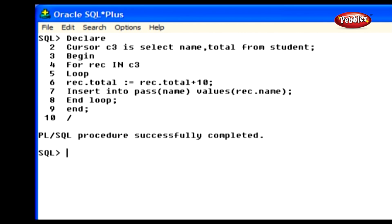Now we are going to use the FOR loop in a cursor. In this program we did not use the OPEN and FETCH commands explicitly.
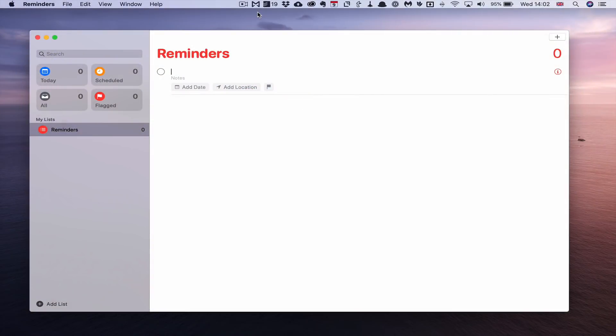Let me take you into the Reminders app on macOS Catalina and show you how to set it up. Welcome to Apple's new Reminders application — it is a huge update to the previous Reminders app. The previous app, to be perfectly honest, I always struggled to make it really functional because Apple never really gave it any love.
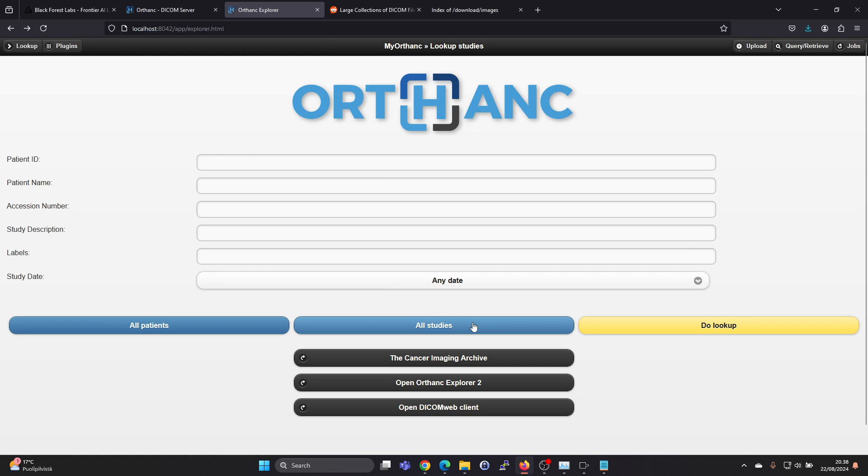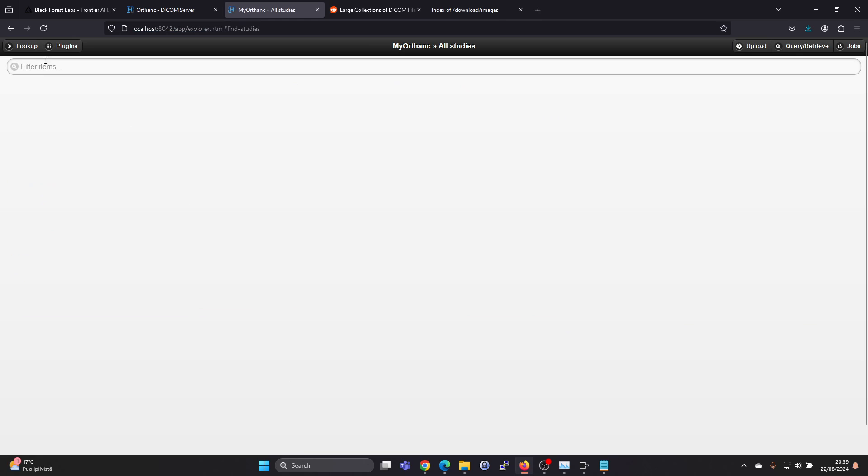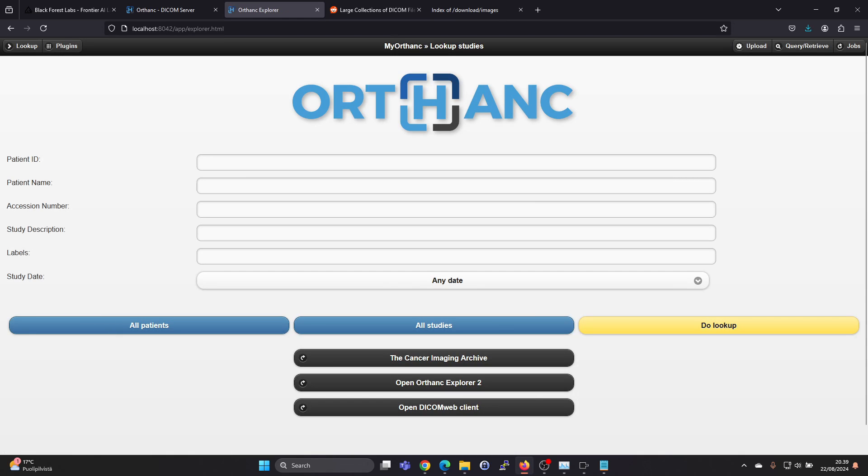But if you click on all studies, there won't be any studies to start with. So you need to import or upload some studies to see something in it.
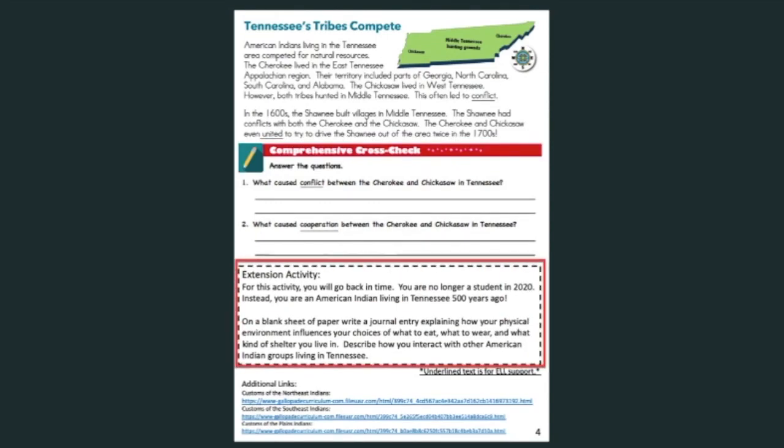Finally, I have created an extension activity. For this activity, you will go back in time — you are no longer a student in the year 2020. Instead, you are an American Indian living in Tennessee 500 years ago. On a blank sheet of paper, write a journal entry explaining how your physical environment influences your choices of what to eat, what to wear, and what kind of shelter you live in. Describe how you interact with other American Indian groups living in Tennessee. If you are interested in re-watching the videos included in this lesson, I have provided the links for them at the bottom of page four. That's it for your third grade social studies lesson for today. Remember to re-read your text before you answer the questions — this will help you find text evidence to support your answers. I hope you have a great day!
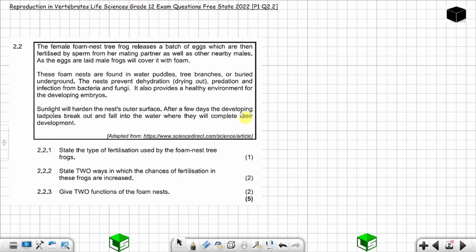Question 2.2 from Pepawan, Free State 2022, on reproduction in invertebrates — Life Sciences Grade 12 exam question. The female foam nest tree frog releases a batch of eggs which are then fertilized by sperm from a mating partner as well as other nearby males.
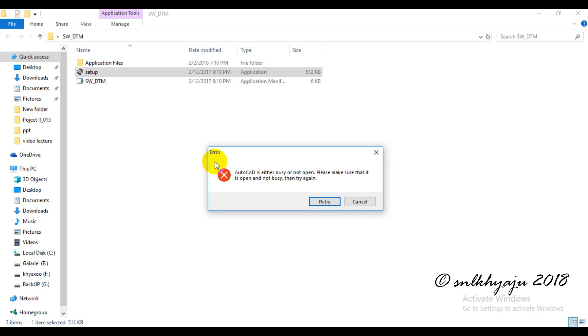This header shows that SWDTM opens simultaneously with AutoCAD. Since AutoCAD is not open, this header has been shown. So we can retry by opening AutoCAD.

◇ ◇ ◇ ◇ ◇

WHAT THIS TASK INVOLVES: Without the pictures, give all of the entries above again exactly.

THE ANSWER:
Now we are going to use the FOR loop in a cursor. In this program we did not use the OPEN and FETCH commands explicitly.
Let me take you into the Reminders app on macOS Catalina and show you how to set it up. Welcome to Apple's new Reminders application — it is a huge update to the previous Reminders app. The previous app, to be perfectly honest, I always struggled to make it really functional because Apple never really gave it any love.
But if you click on all studies, there won't be any studies to start with. So you need to import or upload some studies to see something in it.
Finally, I have created an extension activity. For this activity, you will go back in time — you are no longer a student in the year 2020. Instead, you are an American Indian living in Tennessee 500 years ago. On a blank sheet of paper, write a journal entry explaining how your physical environment influences your choices of what to eat, what to wear, and what kind of shelter you live in. Describe how you interact with other American Indian groups living in Tennessee. If you are interested in re-watching the videos included in this lesson, I have provided the links for them at the bottom of page four. That's it for your third grade social studies lesson for today. Remember to re-read your text before you answer the questions — this will help you find text evidence to support your answers. I hope you have a great day!
Question 2.2 from Pepawan, Free State 2022, on reproduction in invertebrates — Life Sciences Grade 12 exam question. The female foam nest tree frog releases a batch of eggs which are then fertilized by sperm from a mating partner as well as other nearby males.
This header shows that SWDTM opens simultaneously with AutoCAD. Since AutoCAD is not open, this header has been shown. So we can retry by opening AutoCAD.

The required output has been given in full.